The execution of this IceBot idea might not be exactly what we conjure up in our imaginative minds, but the chilly concept definitely has merit.
In a new study delivered to the IEEE/RSJ International Conference on Intelligent Robots and Systems (IROS), scientists Devin Carroll and Mark Yim from the University of Pennsylvania's GRASP Lab have put forth a proposal to send robots partially made of frozen H2O to icy exoplanets, where they can make use of local resources to self-fix in the event of a breakdown.
Their intriguing paper examines various methods of manufacturing robotic structural components from ice by employing additive and subtractive manufacturing processes, with the endgame of developing a proof-of-concept for robots that can display “self-reconfiguration, self-replication, and self-repair.”
Obviously components like actuators and batteries would still be composed of conventional materials, with only structural parts crafted of ice.
Check out the team's experimental prototype in the video below. Their frosty IceBot vehicle tips the scales at a beefy 14 pounds, but it was adept at crawling up a 2.5 degree hill with ease while swerving left and right.
"One of the challenges to making robots for this field is not only are robots expensive but the natural elements will break them given time," lead author and UPenn robotics researcher Devin Carroll told IEEE Spectrum. "Mark and I started exploring the idea of building robots from found material as a way to add robustness to robotic systems operating in remote or hostile environments with a secondary goal of reducing the cost of the system. We ultimately settled on ice because of the design flexibility it affords us and the current interest in icy, remote environments.
“Climate change has many folks interested in the Antarctic and ice sheets while NASA and other space exploration groups are looking to the stars for ice and water. If we could build a robot from ice, perhaps it could be used to assist in exploring icy planets for life and data collection.”
Though far from bringing this wintry machine to full fruition, Carroll envisions an Earth-bound arctic or planetary exploration robot that includes self-modification or repair capabilities within a system using two types of robots. The first one explores the environment and gathers materials needed to perform self-augmentation or repair, and the second is a type of manipulator/manufacturing system.

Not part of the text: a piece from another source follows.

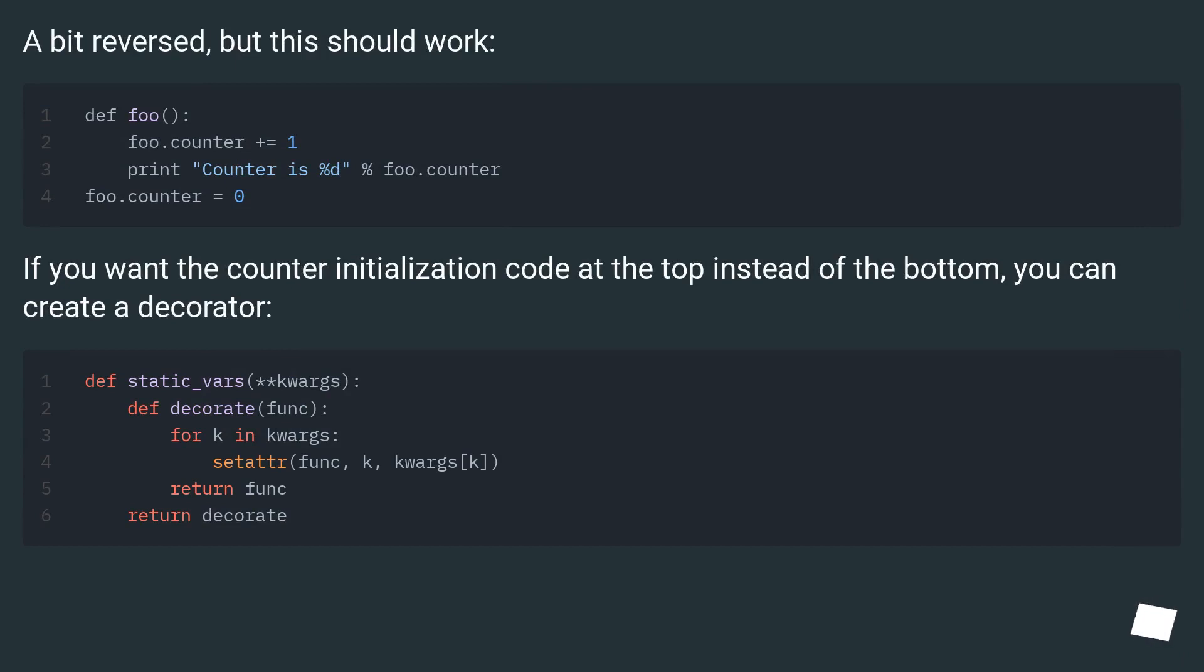A bit reversed, but this should work. If you want the counter initialization code at the top instead of the bottom, you can create a decorator.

"We can envision the exploration class of robot returning to a centralized location with a request for a plow or some other augmentation and the manufacturing system will be able to attach the augmentation directly to the robot," he adds. "Similarly with repair—if, for example, a robot recognizes a crack, the manipulator would be able to patch the crack using an ice band-aid of sorts, sealing the crack and preventing it from propagating further."
Ice is an extremely malleable material and could be used to great advantage in hazardous environments where intrepid robots conduct tests and observe alien worlds. Of course, we all know what happened to Frosty the Snowman when the sun was hot that day.
"I would argue this hasn't been done before because of the uncertainty that using ice brings," Carroll notes. "Unlike traditional building material, the designer does not know a priori what conditions will cause the ice to fail—we can make an educated guess, but the margin for error is much higher."